Agen - 15

91 15 2
                                    

Agan dan Gia masih menetap di kamar rawat inapnya Kia.

Tiara tengah menjelaskan penyakit yang diderita Gia dengan jelas sesuai dengan apa yang dokter jelaskan padanya. Gia mengangguk-angguk saat mendengar cerita dari Tiara. Sesekali memberikan saran karena Gia tahu ilmunya.

Ingatkan bahwa Gia adalah mantan perawat.

Agan sibuk dengan adiknya sesekali mendengarkan obrolan Tiara dan Gia.

"Tapi sering gitu nggak, Tan, si Adek seseknya?"

"Sering banget, Mbak. Kalo sesek, tuh, pasti keliatan banget dia mah. Kalo kata orang-orang kangen dokternya," kekeh Tiara.

Gia mengusap pelan kepala Kia dan mengangguk, "mungkin ini aja, Tan, uap di rumah. Jadi kalo dia mulai sesek atau gimana kita uap, biar reda aja dadanya." Gia memberikan saran pada Tiara.

"Iya, ya, Mbak. Berarti kitanya tinggal beli uapannya gitu? Sama obatnya juga?" tanya Tiara.

"Iya, Tante. Nanti kita tinggal beli insulinnya yang khusus buat si Adek. Karena kalo nggak begitu, di sini—di dadanya penuh sama lendir segala macem." jelas Gia lagi.
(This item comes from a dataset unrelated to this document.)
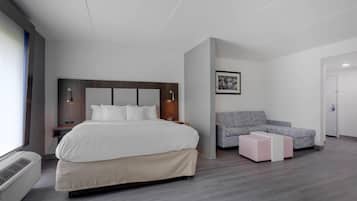 A modern hotel room with a large bed, a grey sofa, a small table, and a framed picture on the wall.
Memberikan ilmu dasar yang pernah didapatnya sewaktu menjadi mahasiswa.

"Iya, deh, ya, Mbak. Abis Tante kasian juga kalo udah mulai sesek gitu." timpal Tiara sambil mengelus kepala anaknya.

"Iyaaa, tapi semoga nggak nerus, ya, Dek, ya. Kan Dedek Kia mah sehat, anak cantik, anak solehah, ya, Dek?" ujar Gia pada Kia, memberikan afirmasi positif bahwa anak itu akan selalu sehat terus tanpa ada sakit yang datang lagi.

Agan yang sedari tadi hanya menyimak mereka sontak tersenyum pada dua gadis yang dia sayangi itu.

Dua tangannya adil mengelus kepala dua perempuan yang ada di depannya. Gia dan Kia. Dua kesayangannya.

"Semoga kalian berdua tetep sehat, solehah, sayang sama Agan juga." ucapnya dengan nada yang sama seperti tadi saat Gia ngomong ke Kia.

"Abang, jangan gitu atuh nggak sopan pegang kepala Mbak Gia," Tiara memperingati Agan sambil tersenyum getir.

Agan tersenyum simpul. Lalu, tangannya mengambil tangan Gia—yang tidak diinfus—untuk ia cium. Biasa, Agan mulai tengil dan terbuka soal hubungannya yang baru berjalan selama 8 jam itu.

"Kalo kayak gitu nggak apa-apa, Tan?" Agan menyengir, sementara Gia tersenyum malu-malu.

Tiara menatap mereka dengan tatapan penuh tanya.

"Nggak apa-apa, kok, Tan, sekarang mah. Orang Mbak Gianya punya Agan." kata si Agan, mengumumkan dirinya sebagai pacarnya Gia ke Tiara.

"Eh, maksudnya, Bang?"

"Mbak Gia pacarnya Agan. Ya, kan, Mbak?"

Gia hanya senyum-senyum saja.

"Tuh, kan, senyum-senyum doang tandanya iya." timpal Agan, dia ikut tersenyum. "Tapi jangan bilang-bilang Abah! Ntar dia kaget lagi," sambungnya memperingati.

"Kenapa emangnya?"

"Abah, kan, taunya Agan pingin nikahin Oma Wida, ntar tuh aki-aki kaget lagi kalo tau Agan ternyata pacaran sama cucunya." ungkap Agan.

Agan mau nikahin Oma?

Gia mengernyit dan melirik Tiara untuk meminta penjelasan. Akan tetapi, Tiara hanya mengedikkan bahunya aja.

Ingin bertanya lebih lanjut kepada Agan tentang hal itu harus tertunda karena tiba-tiba kamar rawat inap Kia disambangi oleh orang sekampung. Siapa lagi kalo bukan karyawan yang kerja di agen Agan dan ketiga teman seperondanya Agan. Mereka adalah Ilyas, Roni, Dinda, Titi, Saka, Ronald dan Puri.